"CATECISMO ROMANO"
DEL CONCILIO DE TRENTO
Traducción y notas de P. Pedro Martín Hernández
Biblioteca de Autores Cristianos (BAC), Madrid 1951
CUARTA PARTE
LA ORACIÓN
Primera petición del Padrenuestro
Santificado sea tu nombre
(Mt. VI,9)
I. SIGNIFICADO Y VALOR DE ESTA PETICIÓN
Cristo, nuestro Señor y Maestro, nos dejó señalado en el Padrenuestro el orden riguroso con que debemos presentar nuestras peticiones ante Dios. Siendo la oración mensajera e intérprete de nuestros sentimientos de hijos hacia el Padre, el orden de nuestras peticiones será razonable en la medida en que éstas se conformen con el orden de las cosas que deben desearse y amarse.
Y, ante todo, el amor del cristiano debe centrarse con toda la fuerza del corazón en Dios, único y supremo bien por sí mismo.
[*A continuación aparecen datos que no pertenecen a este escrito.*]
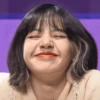 Lisa ♡ 10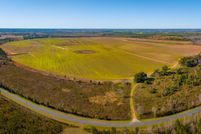 Land for sale in Jackson County, Florida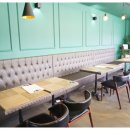 카페포숑 이미지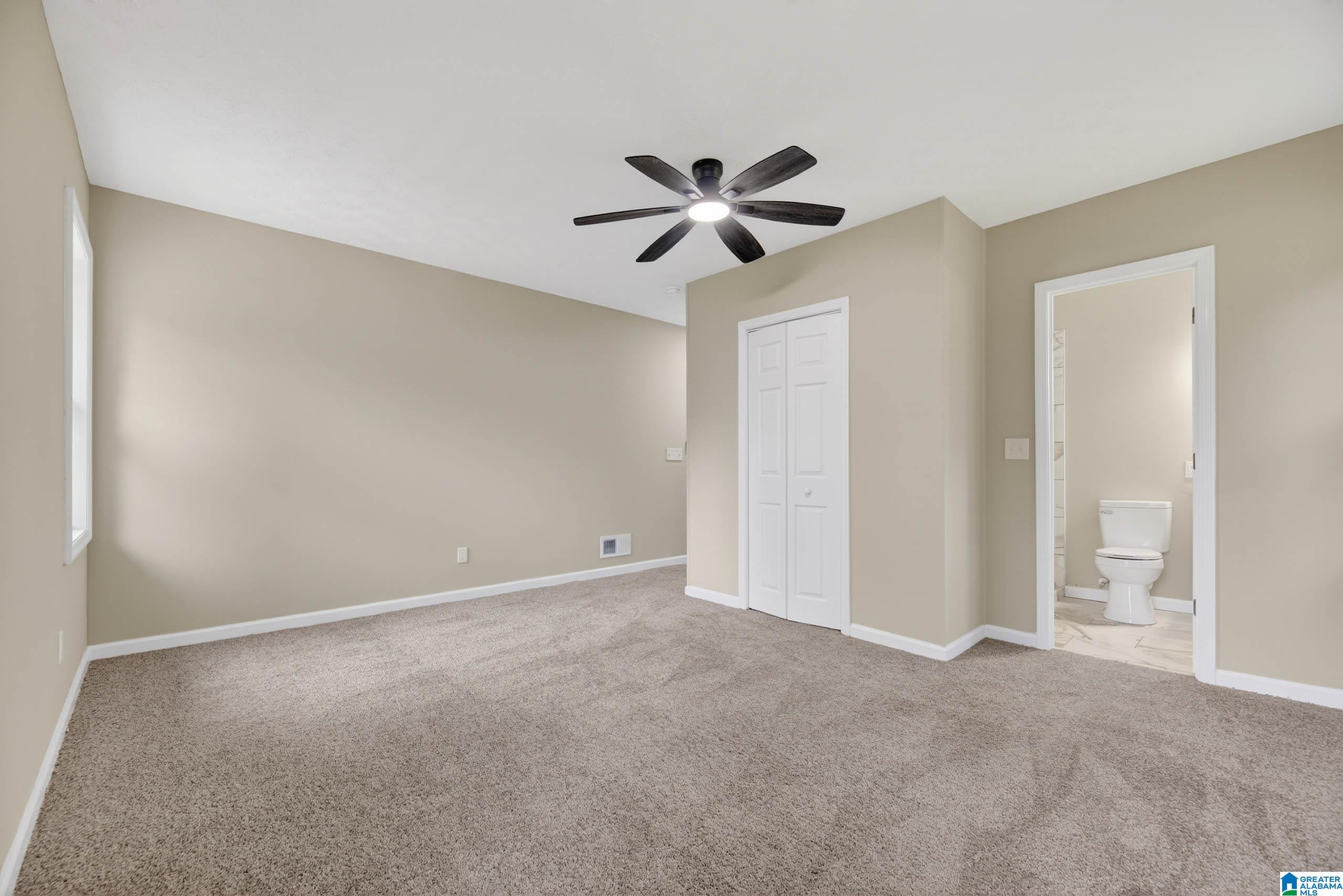 1111 Calhoun Place Anniston, AL 36207 - Photo 33 of 49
Él debe ser amado primero con un amor singular, superior a todo otro posible amor; debe ser amado con un amor único.
Todas las cosas de la tierra y todas las criaturas que puedan merecernos el nombre de "buenas" deben estar subordinadas a este supremo Bien, de quien proceden todos los demás bienes.
Justamente, pues, puso el Señor a la cabeza de las peticiones del Padrenuestro la búsqueda de este supremo bien. Antes que las mismas cosas necesarias para nosotros o para nuestros prójimos, hemos de buscar y pedir la gloria y el honor de Dios. Este orden debe constituir nuestro supremo anhelo de criaturas y de hijos, porque en esto está el único y verdadero orden de nuestro amor: amar a Dios antes que a nosotros mismos y buscar sus cosas antes que las nuestras.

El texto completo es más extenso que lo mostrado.